Global refining capacity by region
Asia Energy stocks have been rewarded if diversifying out of the sector
So far this year, investors have rewarded selected energy sector companies that have shown success at diversifying into alternative business. However, as the market has started to price in these unique stories, investors may need to look back into the more traditional oil chain exposure (back to "basics") if to outperform the sector during 2H20.
What will be the key debates for the rest of this year?

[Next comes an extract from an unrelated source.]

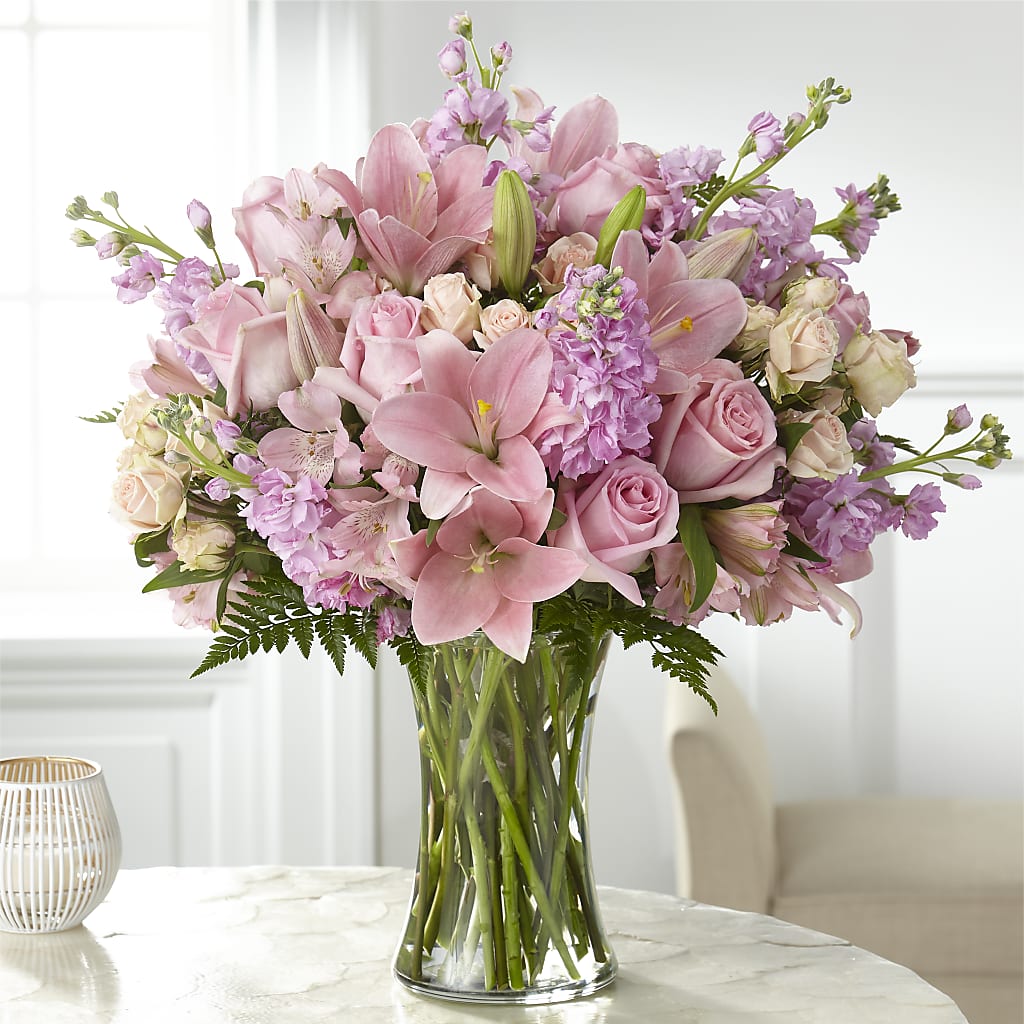 Wishes & Blessings Bouquet – Abell Flower Shop, Abernathy TX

We believe key debates for investors in 2H20 may include:
- whether OPEC + cuts will be extended if oil demand disappoints for example on renewed pandemic concerns;
- if demand for certain products can positively surprise in a post-lockdown world (single use plastics and gasoline);
- whether China gas prices will fall more than expected this winter given local and global oversupply; and
- whether growing oil service workloads in China can be profitable when global margins remain under pressure.
Gradually rising oil prices should provide a positive back-drop
We believe slowly rising oil prices will provide a positive backdrop for the integrated oil chain in the coming 6-12 months although we would still be selective on stocks based on company specific or country specific characteristics. For Exploration & Production, given that gas prices could disappoint in some Asian markets, we would focus on low cost oil producers. For refiners, we would avoid those overly exposed to exports (Korea, Thailand) and favour those with more insulated domestic and retail market exposure (China and India) (UBS Evidence Lab retail oil product price tracker indicates China retail gasoline spreads at 3-year highs). For petrochemicals, we prefer poly-olefin exposure.